* **Task**: The whole listing, apart from its images, should be restated word for word.

* **Data shown**:
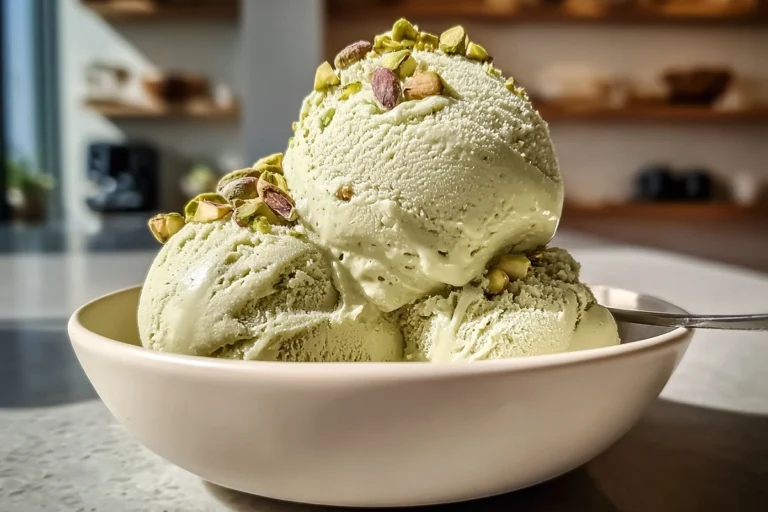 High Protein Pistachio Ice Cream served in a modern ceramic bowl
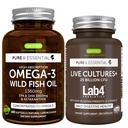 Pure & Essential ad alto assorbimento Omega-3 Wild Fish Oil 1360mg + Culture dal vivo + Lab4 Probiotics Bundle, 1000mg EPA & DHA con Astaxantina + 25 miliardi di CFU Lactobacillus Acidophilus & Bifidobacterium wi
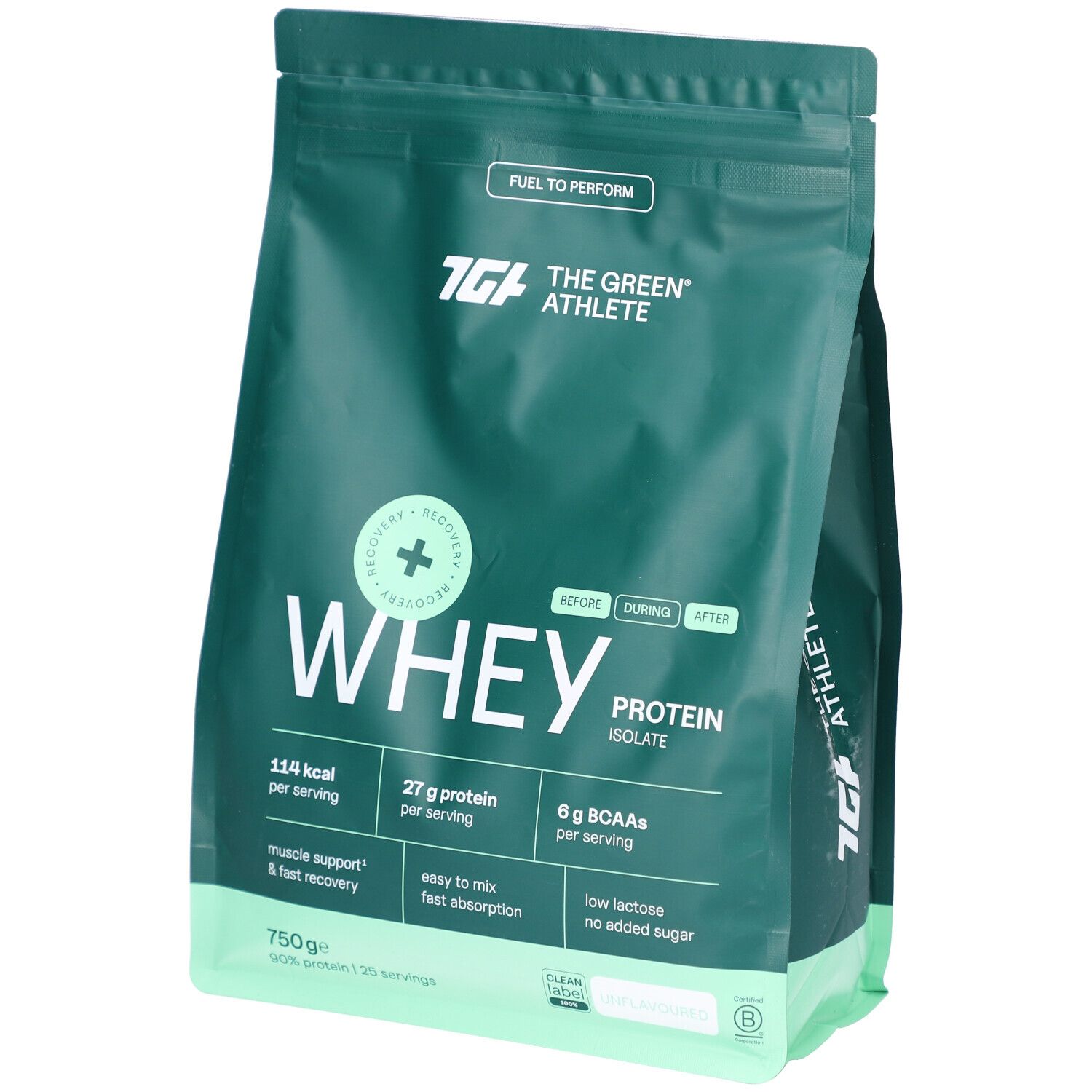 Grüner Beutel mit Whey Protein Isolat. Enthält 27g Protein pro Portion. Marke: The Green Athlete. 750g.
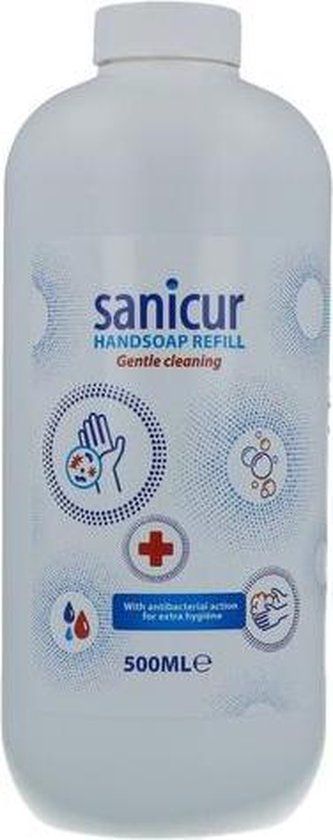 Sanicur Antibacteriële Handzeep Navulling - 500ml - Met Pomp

* **Written answer**:
 High Protein Pistachio Ice Cream served in a modern ceramic bowl
 Pure & Essential ad alto assorbimento Omega-3 Wild Fish Oil 1360mg + Culture dal vivo + Lab4 Probiotics Bundle, 1000mg EPA & DHA con Astaxantina + 25 miliardi di CFU Lactobacillus Acidophilus & Bifidobacterium wi
 Grüner Beutel mit Whey Protein Isolat. Enthält 27g Protein pro Portion. Marke: The Green Athlete. 750g.
 Sanicur Antibacteriële Handzeep Navulling - 500ml - Met Pomp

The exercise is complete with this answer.